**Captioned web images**
*** Block opens ***
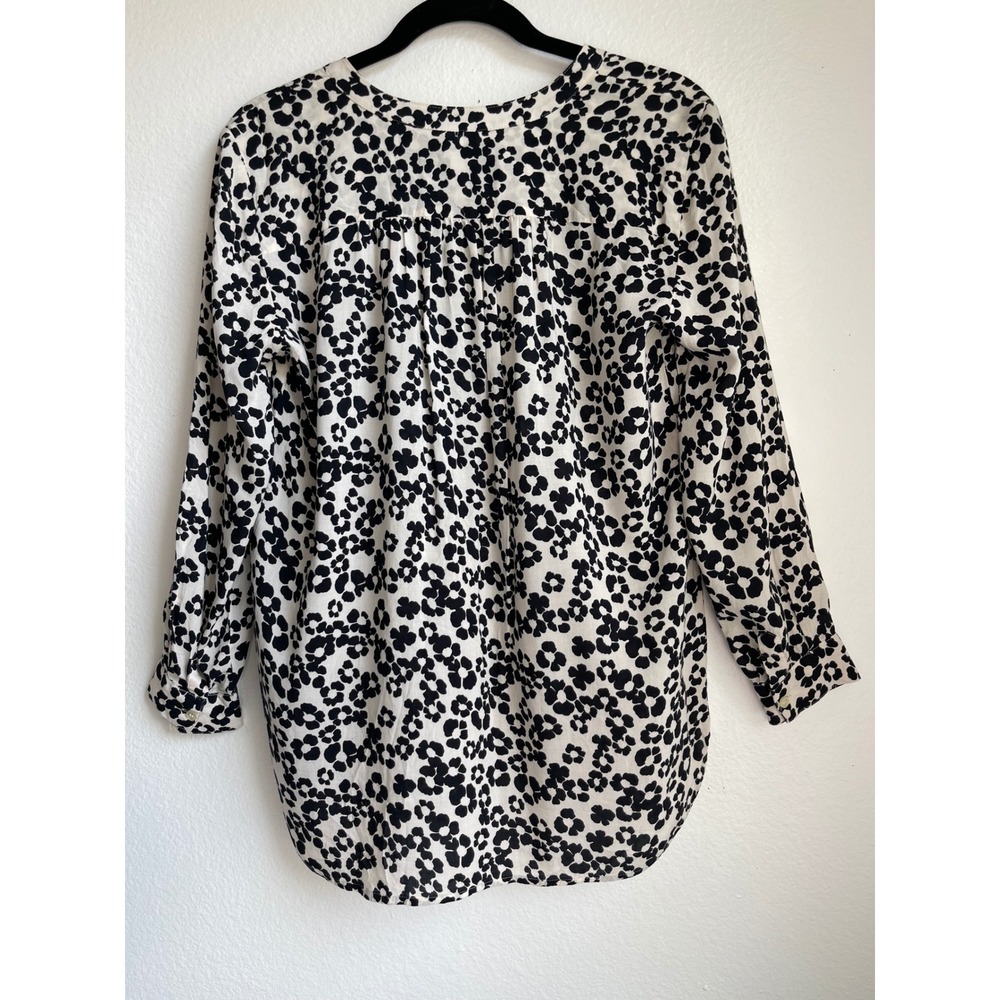 LOFT Womens Black White Floral Leopard Print Rayon Button Up Blouse Size M - Picture 7 of 14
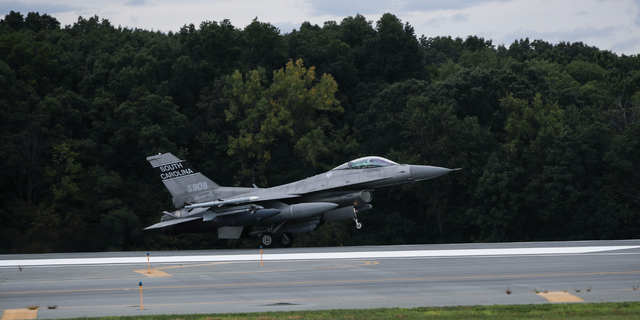 FILE PHOTO: An F-16 fighter jet landing before an air show in New York City. 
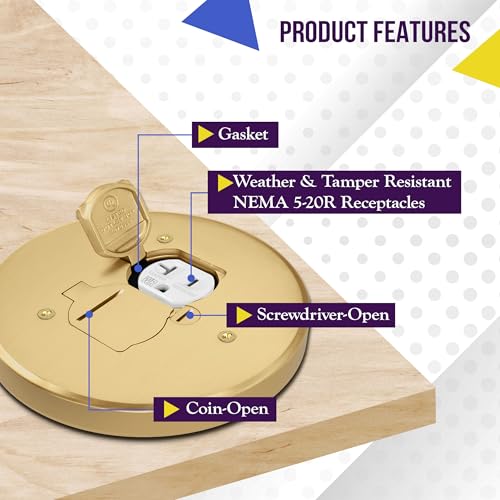 ENERLITES Dual Flip Lid Floor Outlet Cover, 5.625" Dia, 1-Gang, 20A, Brass - color: Brass 5.625"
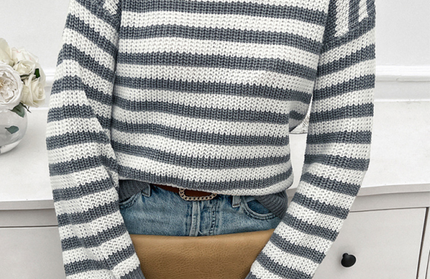 Casual Loose Lapel Striped Long Sleeve Sweater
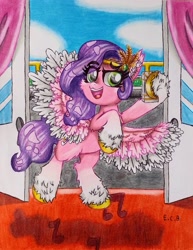 Size: 2526x3272 | Tagged: safe, artist:estellasombria, pipp petals, pegasus, pony, g5, adorapipp, colored wings, crown, cute, eye clipping through hair, eyebrows, eyebrows visible through hair, female, flying, high res, jewelry, looking at you, mare, music notes, open mouth, open smile, phone, regalia, signature, smiling, smiling at you, solo, spread wings, wings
*** Block closes ***
**Required action**
A faithful copy of the records above is needed, with the pictures left out.

**Output**
 LOFT Womens Black White Floral Leopard Print Rayon Button Up Blouse Size M - Picture 7 of 14
 FILE PHOTO: An F-16 fighter jet landing before an air show in New York City. 
 ENERLITES Dual Flip Lid Floor Outlet Cover, 5.625" Dia, 1-Gang, 20A, Brass - color: Brass 5.625"
 Casual Loose Lapel Striped Long Sleeve Sweater
 Size: 2526x3272 | Tagged: safe, artist:estellasombria, pipp petals, pegasus, pony, g5, adorapipp, colored wings, crown, cute, eye clipping through hair, eyebrows, eyebrows visible through hair, female, flying, high res, jewelry, looking at you, mare, music notes, open mouth, open smile, phone, regalia, signature, smiling, smiling at you, solo, spread wings, wings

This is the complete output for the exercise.